Two weeks ago Jordan said it would not allow the embassy to reopen until an embassy guard who shot dead two Jordanian nationals in July was brought to trial. In the wake of that incident, the embassy’s staff returned to Israel.
According to a report Monday in the leading Jordanian daily al-Ghad based on anonymous government sources, Israel will have to answer whether it remains committed to the project by the end of the December.
A spokesperson for Regional Cooperation Minister Tzachi Hanegbi would not comment on the report.
The report said there are currently secret talks underway between Israel and Jordanian about implementing the first phase of the plan.
Jordan refused to allow Schlein to return as Jerusalem’s envoy after she was photographed along with the embassy guard, named as Ziv Moyal, during a meeting with Prime Minister Benjamin Netanyahu two days after after the deadly July 23 shootings.
The incident has put a damper on the so-called Red-Dead project. Several weeks ago Israel and Jordan were to have finalized the details before calling for tenders from international companies to do the work.
Without an Israeli embassy, the Jordanians reportedly wanted to continue the discussions by phone but Israel has insisted on face-to-face meetings, which won’t happen until the embassy is reopened, Israel’s Channel 10 reported earlier in November.
“The position of the Foreign Ministry and the Prime Minister’s Office is that we cannot have a situation where on the one hand the Jordanians do not allow us to reopen the embassy and on the other hand we continue to advance projects that are important to them as if nothing had happened,” an anonymous Israeli official told Channel 10.
Jordan has reportedly threatened to continue with the project on its own.
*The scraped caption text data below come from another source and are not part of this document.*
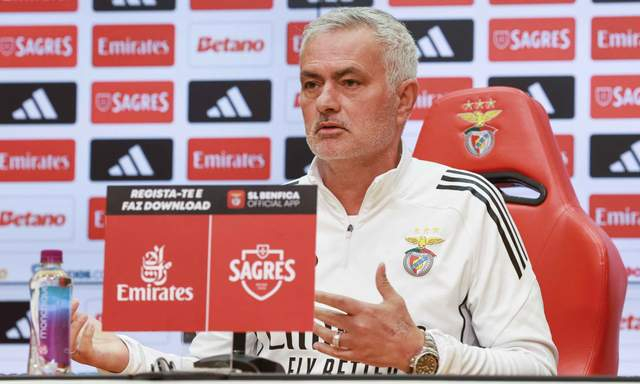 穆里尼奥坚守本菲卡拒绝沙特纽卡邀请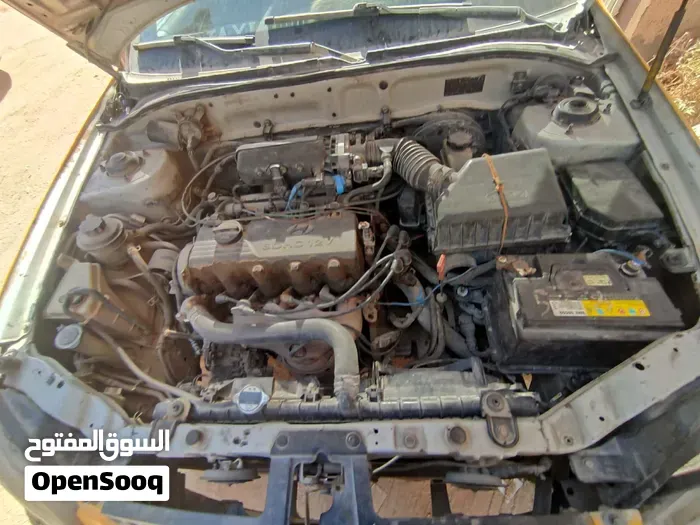 Hyundai Verna 2002 photo 5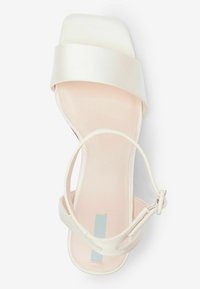 Next FOREVER COMFORTÂ® WEDDING SATIN BLOCK HEEL BRIDAL SHOES - Sandale - ivory white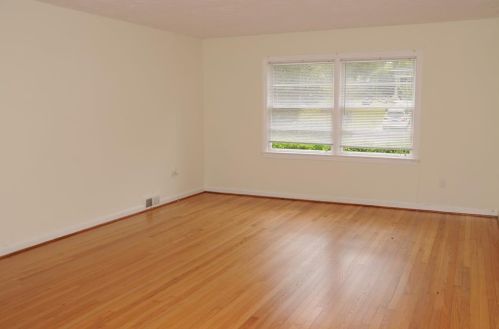 1378 Brook Forest Dr, Atlanta GA  30324-3839 exterior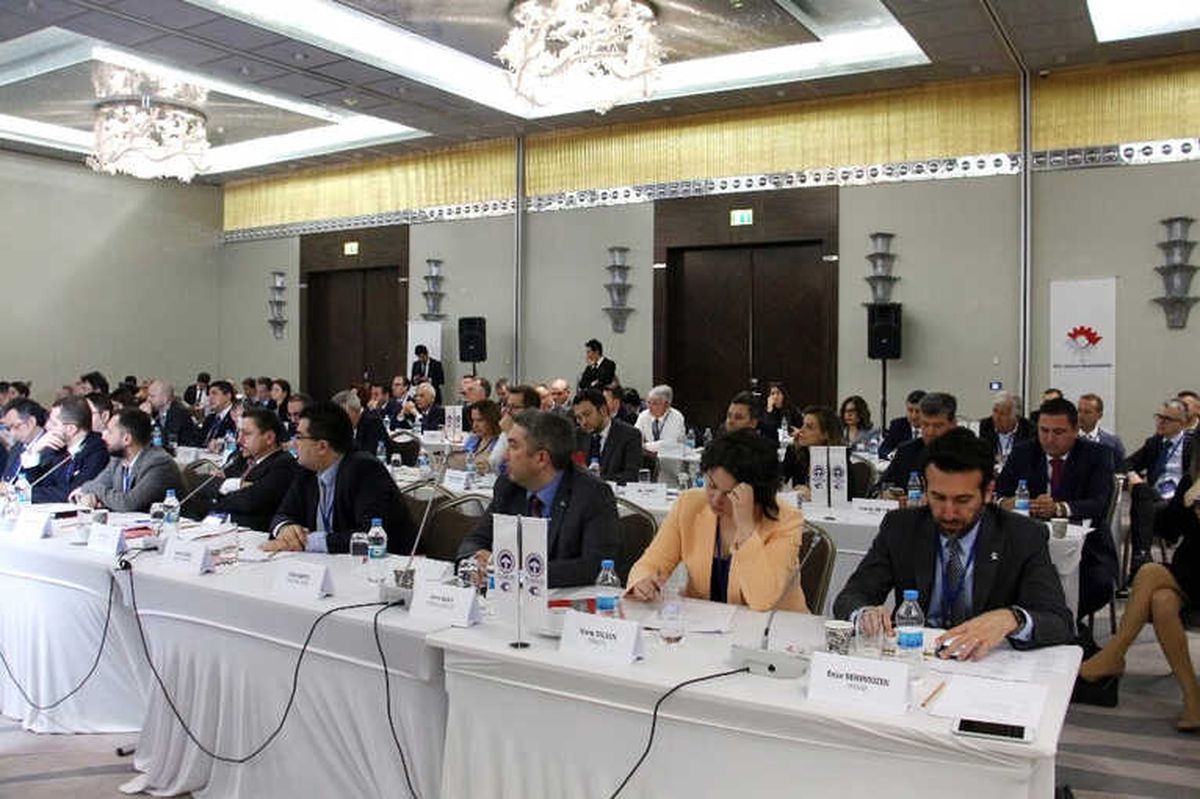 Özlü: "Yerli Otomobil, Sadece Teknolojik Bir Ürün Olmakla Kalmayacak, Bütün Dijital Trendlere de...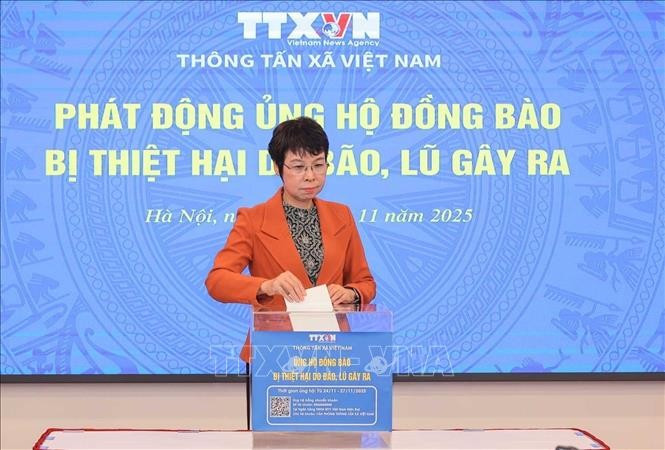 La directrice générale de la VNA, Vu Viet Trang, apporte son soutien aux populations sinistrées. Photo : VNA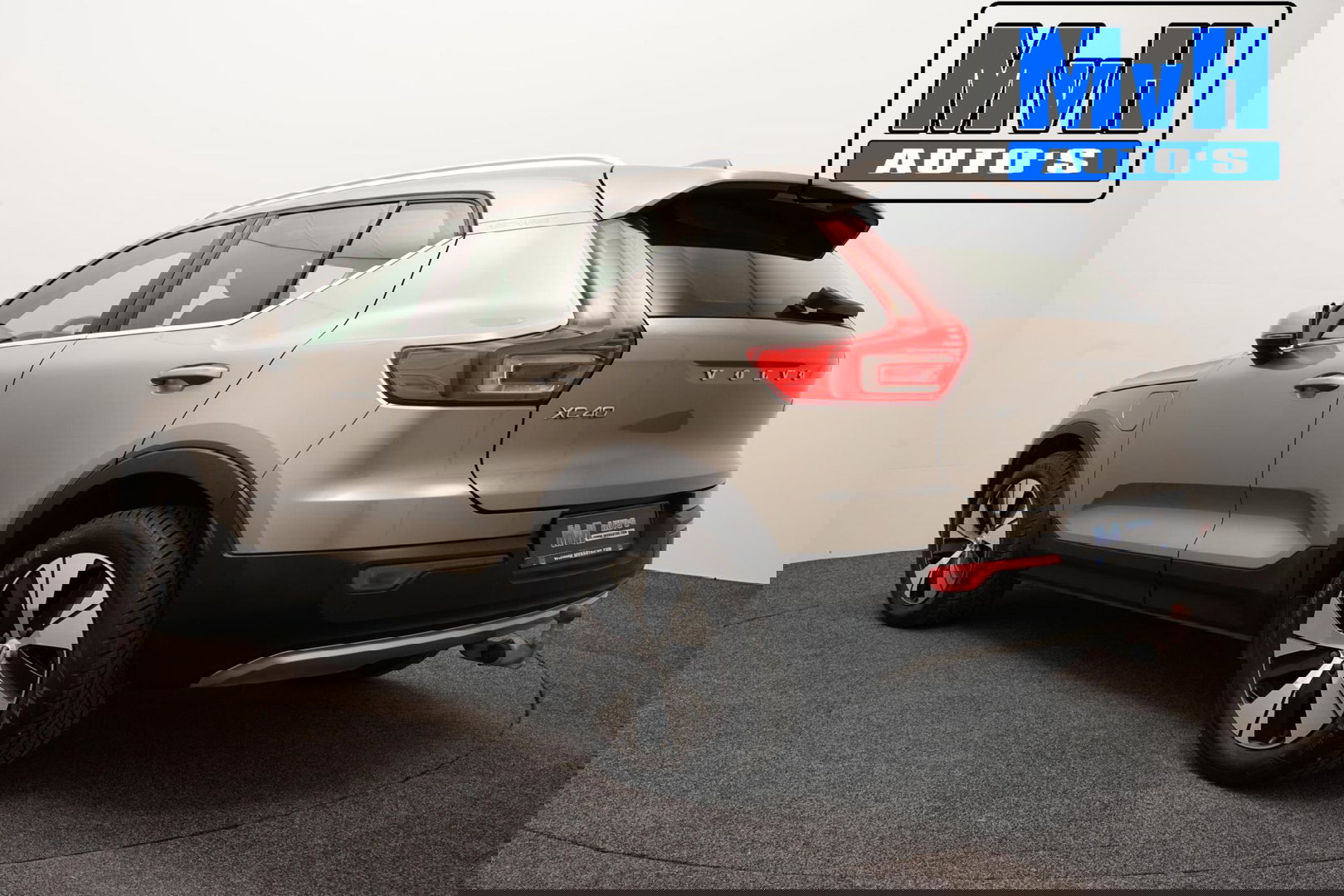 Volvo XC40 1.5 T4 Recharge Inscription Expression|TREKH|LED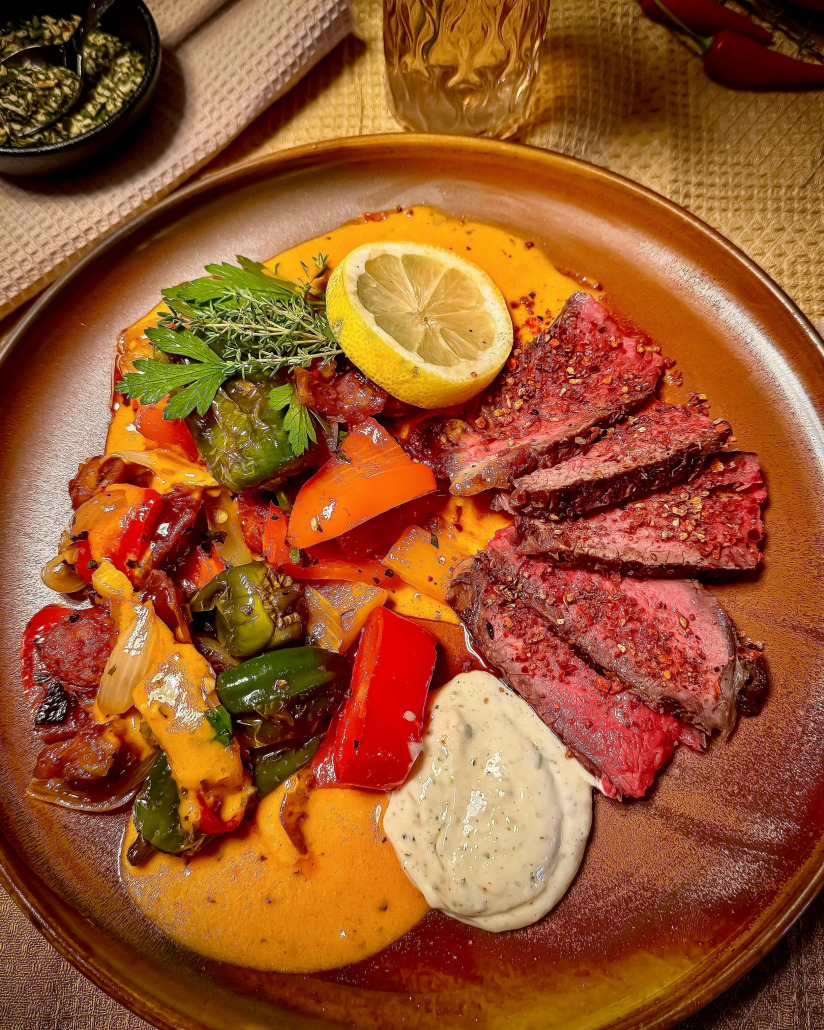 Daniels Txogitxu Beiried mit Chorizo-Sauce und Gemüse Daniels Txogitxu Beiried mit Chorizo-Sauce und Gemüse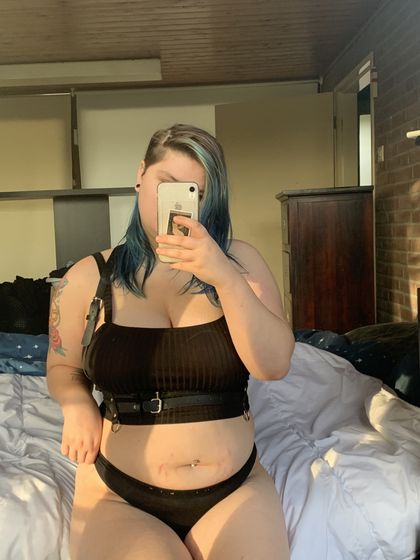 devony OnlyFans picture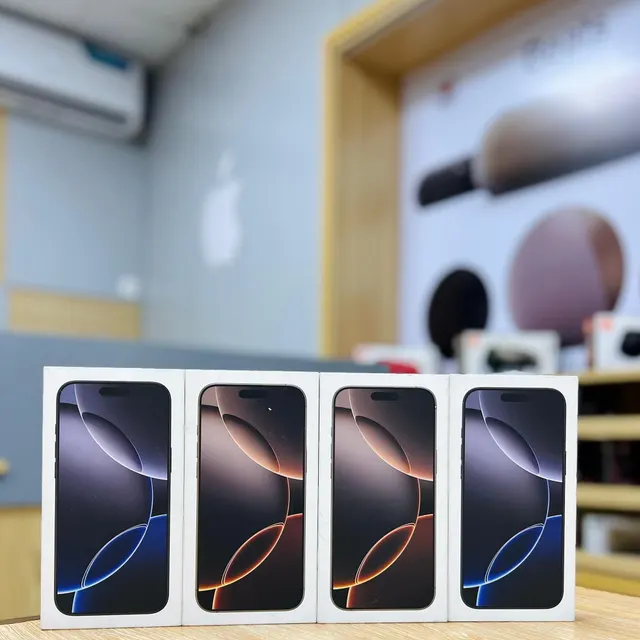 Image of iPhone 16 pro Max 256 giga sealed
Several articles in Jordanian media have cited officials saying that they do not need Israel for the pipeline, and even raising the possibility of bringing in Saudi Arabia as a partner instead.
The $10 billion project, which some see as an early stage in a regional peace deal, would see the construction of a 220-kilometer (137-mile) pipeline transferring water from the Red Sea to the Dead Sea — the lowest body of water on earth — to benefit Israelis, Jordanians and Palestinians, and replenish the dwindling Dead Sea.
According to the plan, a water desalination plant in the Jordanian city of Aqaba, next to Eilat, will pump its brine (very salty water left over from the desalination process) north to the Dead Sea. This will solve another problem: As desalination provides much-needed water to both southern Israel and Jordan for agriculture and consumption, the brine needs to go somewhere other than the Red Sea, which is home to sensitive corals.
Besides providing a yearly total of 100 million cubic meters of drinking water to Palestinians, Jordanians and Israelis, the Red-Dead project will produce “green energy” and replenish the Dead Sea, which is currently shrinking at a drastic pace.
Hadashot news (formerly Channel 2) reported earlier this month that the Shin Bet had completed its investigation into the embassy incident and concluded that the security guard was justified in shooting Mohammed Jawawdeh, who stabbed him with a screwdriver after learning that he was Israeli. Moyal’s landlord was also shot and killed by Moyal by accident during the incident. According to the report, there was no doubt Moyal acted in self-defense and there were no grounds for prosecuting him.